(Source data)
━━━━━━
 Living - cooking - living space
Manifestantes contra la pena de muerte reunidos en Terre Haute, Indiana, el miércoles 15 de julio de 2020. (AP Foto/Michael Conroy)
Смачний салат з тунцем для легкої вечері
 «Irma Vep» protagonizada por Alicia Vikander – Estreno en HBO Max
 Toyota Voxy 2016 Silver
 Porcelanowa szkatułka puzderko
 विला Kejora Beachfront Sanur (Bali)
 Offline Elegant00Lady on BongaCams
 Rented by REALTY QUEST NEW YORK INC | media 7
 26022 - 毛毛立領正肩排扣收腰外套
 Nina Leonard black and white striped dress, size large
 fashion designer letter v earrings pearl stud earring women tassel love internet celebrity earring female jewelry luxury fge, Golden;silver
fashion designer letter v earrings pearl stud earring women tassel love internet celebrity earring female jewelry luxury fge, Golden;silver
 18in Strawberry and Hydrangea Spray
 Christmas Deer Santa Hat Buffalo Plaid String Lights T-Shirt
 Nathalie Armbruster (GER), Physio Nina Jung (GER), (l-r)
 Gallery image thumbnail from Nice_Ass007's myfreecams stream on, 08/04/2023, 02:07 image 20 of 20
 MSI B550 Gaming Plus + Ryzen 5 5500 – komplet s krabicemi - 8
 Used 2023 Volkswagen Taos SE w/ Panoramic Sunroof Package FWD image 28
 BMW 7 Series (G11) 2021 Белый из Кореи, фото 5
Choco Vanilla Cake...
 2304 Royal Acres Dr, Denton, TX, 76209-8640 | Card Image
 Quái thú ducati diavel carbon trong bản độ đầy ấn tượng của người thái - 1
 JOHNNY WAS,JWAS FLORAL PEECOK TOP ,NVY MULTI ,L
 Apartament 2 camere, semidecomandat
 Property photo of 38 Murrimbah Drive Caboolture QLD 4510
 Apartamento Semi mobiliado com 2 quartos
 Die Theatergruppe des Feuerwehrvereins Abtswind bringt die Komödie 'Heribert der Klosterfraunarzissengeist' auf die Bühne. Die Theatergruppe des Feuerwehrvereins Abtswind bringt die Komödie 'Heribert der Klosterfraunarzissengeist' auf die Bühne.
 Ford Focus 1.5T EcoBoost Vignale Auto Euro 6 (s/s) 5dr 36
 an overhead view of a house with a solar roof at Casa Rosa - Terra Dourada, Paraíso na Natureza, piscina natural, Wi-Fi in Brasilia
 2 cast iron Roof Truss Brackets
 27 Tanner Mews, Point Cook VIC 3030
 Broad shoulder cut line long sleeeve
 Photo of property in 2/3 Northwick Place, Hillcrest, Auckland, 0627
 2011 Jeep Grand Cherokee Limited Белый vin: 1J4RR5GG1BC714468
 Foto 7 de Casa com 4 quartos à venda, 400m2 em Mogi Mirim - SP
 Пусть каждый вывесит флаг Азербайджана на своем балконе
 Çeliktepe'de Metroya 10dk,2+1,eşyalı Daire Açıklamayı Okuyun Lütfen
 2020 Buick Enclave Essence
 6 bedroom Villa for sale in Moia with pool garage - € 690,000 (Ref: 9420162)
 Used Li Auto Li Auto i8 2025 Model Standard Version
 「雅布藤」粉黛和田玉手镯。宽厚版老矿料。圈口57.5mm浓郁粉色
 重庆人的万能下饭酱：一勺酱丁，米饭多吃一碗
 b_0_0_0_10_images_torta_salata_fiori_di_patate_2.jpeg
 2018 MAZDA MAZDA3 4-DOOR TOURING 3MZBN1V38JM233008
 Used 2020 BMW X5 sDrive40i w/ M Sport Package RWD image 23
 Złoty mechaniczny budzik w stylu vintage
━━━━━━
ABOUT THIS EXERCISE
In the entries above, restate word for word the lines between the one holding "Nathalie Armbruster (GER), Physio" and the one holding "Property photo of", inclusive, and nothing besides.

RESPONSE
 Nathalie Armbruster (GER), Physio Nina Jung (GER), (l-r)
 Gallery image thumbnail from Nice_Ass007's myfreecams stream on, 08/04/2023, 02:07 image 20 of 20
 MSI B550 Gaming Plus + Ryzen 5 5500 – komplet s krabicemi - 8
 Used 2023 Volkswagen Taos SE w/ Panoramic Sunroof Package FWD image 28
 BMW 7 Series (G11) 2021 Белый из Кореи, фото 5
Choco Vanilla Cake...
 2304 Royal Acres Dr, Denton, TX, 76209-8640 | Card Image
 Quái thú ducati diavel carbon trong bản độ đầy ấn tượng của người thái - 1
 JOHNNY WAS,JWAS FLORAL PEECOK TOP ,NVY MULTI ,L
 Apartament 2 camere, semidecomandat
 Property photo of 38 Murrimbah Drive Caboolture QLD 4510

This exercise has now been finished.